Where the master delegates to an employee the performance of any duty devolving upon him, such employee stands in his place and becomes a vice principal, and the master is liable for his negligence.
Stearns-Culver L. Co. v. Fowler, 50 So. 680, 58 Fla. 362; Faren v. Sellers, 3 So. 363; Savant v. Goetz, 107 So. 621, 160 La. 916; 39 C.J., page 1297, sec. 1494, and page 1298, sec. 1495, and page 1305, sec. 1503.
Watkins Eager, of Jackson, for appellee.
Even if the employer gives his permission to the use of his automobile by an employee to go to lunch, such use being in no way connected with the business of the employer, he is not liable for the acts of the employee at such time.
2 Berry on Automobiles (6 Ed.), page 1139, par. 1375.

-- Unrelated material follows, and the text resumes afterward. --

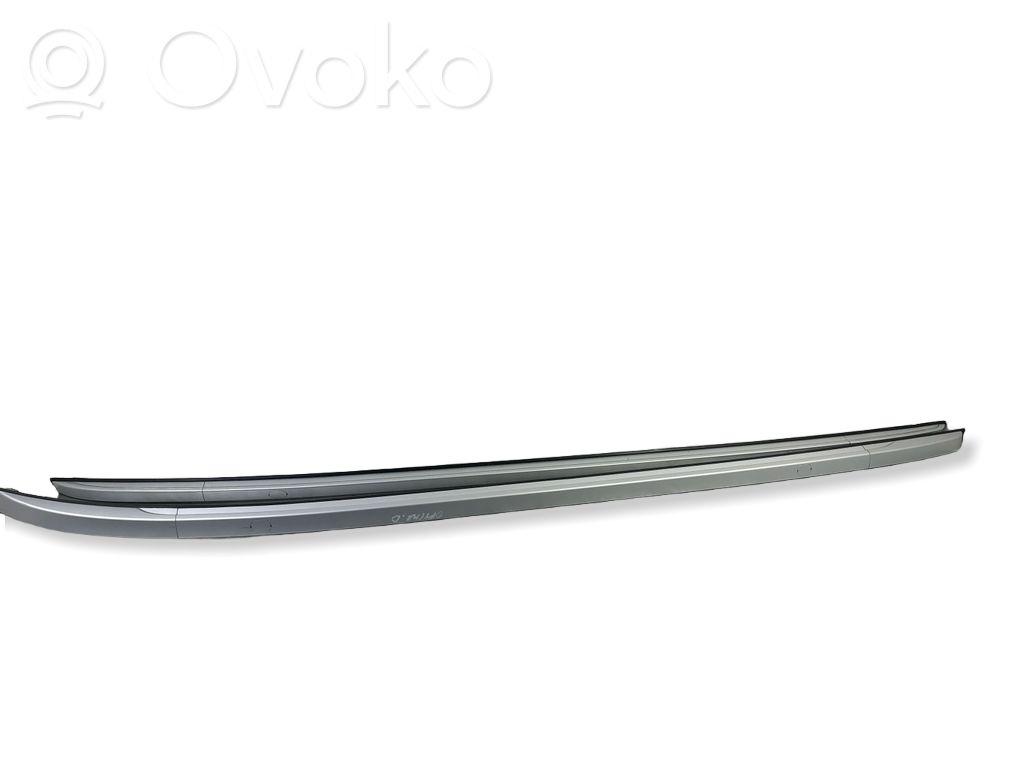 KIA Optima Barra del techo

The use by the chauffeur of the owner's vehicle for the purpose of going to and from his place of employment is a use for the purpose of the chauffeur, and the owner is not liable for an injury occasioned while it is being so used, either without his knowledge or consent or with his permission, as, for example, where he is going to or returning from a meal.
42 C.J. 1108, par. 868.
There is not one scintilla of evidence that the driver was using the appellee's truck for any purpose, even remotely, connected with the business of the master.
There was no relationship of master and servant.
Woods v. Clements, 113 Miss. 720, 74 So. 422; Winn v. Haliday, 109 Miss. 691, 69 So. 685; Woods v. Franklin, 151 Miss. 635, 118 So. 450; Dempsey v. Frazier, 119 Miss. 6, 80 So. 341; Isaacs v. Prince Wilds, 133 Miss. 206, 97 So. 558.
The rule is that the mere lender of an automobile is not liable to one who is injured by the negligence of the driver of such automobile.
2 R.C.L. 1201, par. 35; Sharples v. Watson, 157 Miss. 241, 127 So. 779; Smith v. Dauber, 155 Miss. 694, 125 So. 102.
There is absolutely no evidence in this case that Woodson was a reckless and careless driver, and so known to the appellee, although one count of the declaration so alleged. The proof is to the opposite effect.
McLaurin v. McLaurin Furniture Co., 166 Miss. 180, 188, 146 So. 877.
The evidence conclusively showed that the servant was not engaged in the master's business, but upon a mission of his own, and which mission was not incident to the employment for which the servant was hired.
1 Restatement of the Law of Agency, page 508.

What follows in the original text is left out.